If you decide to stay put through a hurricane (the first consideration is to always consider whether you should leave the area), then there are a few items that you will want to have on hand to make sure that you have the best chance of surviving. Rich M gives some suggestions for items to stockpile if you’re going to stay put through a hurricane, with our comments:
- Bottled water: Having weathered the aftermath of Irma, I can attest to how useful this item is. As long as you have safe water, you can survive a lack of food for three weeks or more. But, without water, you have three to four days to survive.
- Non-perishable food (such as canned). While you can survive for a few weeks without food, it’s not a pleasant experience. Having shelf-storable food is good to have on hand.

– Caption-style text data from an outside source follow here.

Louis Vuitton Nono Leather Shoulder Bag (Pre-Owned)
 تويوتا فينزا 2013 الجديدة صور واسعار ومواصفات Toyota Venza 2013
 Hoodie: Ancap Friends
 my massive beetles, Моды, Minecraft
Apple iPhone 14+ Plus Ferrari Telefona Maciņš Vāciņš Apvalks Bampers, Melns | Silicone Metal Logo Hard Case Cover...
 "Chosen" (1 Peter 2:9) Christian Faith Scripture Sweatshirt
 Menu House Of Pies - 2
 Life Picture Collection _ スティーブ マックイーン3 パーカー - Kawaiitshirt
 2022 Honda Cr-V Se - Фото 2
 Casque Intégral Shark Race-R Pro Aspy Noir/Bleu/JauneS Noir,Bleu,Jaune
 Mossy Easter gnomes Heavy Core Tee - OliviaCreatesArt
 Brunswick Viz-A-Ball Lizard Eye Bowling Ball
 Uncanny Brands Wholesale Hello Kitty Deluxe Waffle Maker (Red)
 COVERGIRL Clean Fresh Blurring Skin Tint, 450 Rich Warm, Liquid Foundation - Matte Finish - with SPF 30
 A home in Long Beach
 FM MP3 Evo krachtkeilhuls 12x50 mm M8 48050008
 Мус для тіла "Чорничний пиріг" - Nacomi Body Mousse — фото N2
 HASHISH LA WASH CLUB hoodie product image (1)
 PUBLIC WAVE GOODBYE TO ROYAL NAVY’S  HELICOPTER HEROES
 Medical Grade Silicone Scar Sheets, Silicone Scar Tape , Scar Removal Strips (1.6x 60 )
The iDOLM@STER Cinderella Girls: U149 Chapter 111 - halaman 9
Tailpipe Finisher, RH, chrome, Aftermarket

- Fuel. This is important both so that you can drive to other areas to get supplies (in my area, during the Irma aftermath, some grocery stores had power when nearby homes did not) or to power a generator to run your refrigerator and air conditioning if you have people in the house who will not handle heat well such as the elderly or those with asthma.
- A way to cook food. A non-electric grill or camp stove can be useful when you don’t have power.
- Flashlights and batteries. Going to the bathroom in absolute darkness is darn inconvenient. That’s all I’ll say about that.
- Battery operated radio. This is useful for both weather updates and updates on restoring power and water services or where you can get emergency supplies.
- Recharging battery for your phone. You may not realize how much you use your smartphone (or even a basic cell phone) until you face the threat of running out of power for it.
- Solar phone charger. See #7.
- Good first-aid kit. People get injured in hurricanes and when cleaning up the mess afterwards. Have first aid supplies handy.
- Toiletries, especially toilet paper. I think you know why this is important.
- Insect repellent. Mosquitoes tend to increase in warm humid conditions, but that doesn’t mean that you want to be their feast.
- Baby formula and diapers if you have a baby. They need to eat and have toiletries, too.
- A complete set of important documents in a waterproof container. This includes insurance information, identification, birth certificates, property deeds and titles. You’ll want these for filing any claims with your insurance companies or for police reports for any looting. Alternately, you can take pictures or scan these items into electronic documents and email them to yourself.
- Laminated list of emergency phone numbers. If you need to dial emergency contacts but your smartphone is down, this will be useful.
- Cleaning supplies. In Irma, the storms were well gone before the power came back on. It’s a perfect time to clean.
- Rain gear. If you have to be outside in the pouring rain, you’ll appreciate having this.
- Water purifier. See #1.
There you have it: seventeen items to consider having on hand to weather out a hurricane. If you find yourself unfortunate enough to have to do that, you’ll appreciate having these things on hand.